• **Work to be completed**
Go through the data below. List every line that holds the word "with".

(Records from a data collection)
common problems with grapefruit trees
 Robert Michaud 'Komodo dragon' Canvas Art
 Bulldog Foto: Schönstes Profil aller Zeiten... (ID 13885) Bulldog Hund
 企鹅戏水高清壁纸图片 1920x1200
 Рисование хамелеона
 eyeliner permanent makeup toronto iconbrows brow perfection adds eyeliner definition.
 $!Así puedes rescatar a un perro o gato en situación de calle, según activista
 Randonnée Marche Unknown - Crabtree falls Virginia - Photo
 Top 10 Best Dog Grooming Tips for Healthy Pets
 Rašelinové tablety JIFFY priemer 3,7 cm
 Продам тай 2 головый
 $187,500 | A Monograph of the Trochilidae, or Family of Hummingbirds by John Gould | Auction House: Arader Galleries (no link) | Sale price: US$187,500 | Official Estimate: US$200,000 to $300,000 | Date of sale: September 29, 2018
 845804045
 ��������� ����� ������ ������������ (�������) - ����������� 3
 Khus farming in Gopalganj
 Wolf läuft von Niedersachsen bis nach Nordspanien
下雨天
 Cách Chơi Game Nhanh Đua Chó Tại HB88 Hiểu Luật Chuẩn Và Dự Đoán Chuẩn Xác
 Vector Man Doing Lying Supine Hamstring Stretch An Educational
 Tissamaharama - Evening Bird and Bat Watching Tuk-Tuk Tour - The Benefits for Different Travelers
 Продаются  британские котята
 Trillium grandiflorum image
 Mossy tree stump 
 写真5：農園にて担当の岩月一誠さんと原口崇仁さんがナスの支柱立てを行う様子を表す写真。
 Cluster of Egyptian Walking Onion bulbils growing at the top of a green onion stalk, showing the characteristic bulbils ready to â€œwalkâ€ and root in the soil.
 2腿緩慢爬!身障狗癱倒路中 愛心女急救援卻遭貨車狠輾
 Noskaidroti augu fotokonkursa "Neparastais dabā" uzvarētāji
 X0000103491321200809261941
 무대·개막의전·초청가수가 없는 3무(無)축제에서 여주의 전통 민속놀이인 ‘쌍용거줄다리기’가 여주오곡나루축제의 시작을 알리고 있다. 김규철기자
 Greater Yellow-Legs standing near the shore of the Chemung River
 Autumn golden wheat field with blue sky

• **Problem solution**
common problems with grapefruit trees
 Autumn golden wheat field with blue sky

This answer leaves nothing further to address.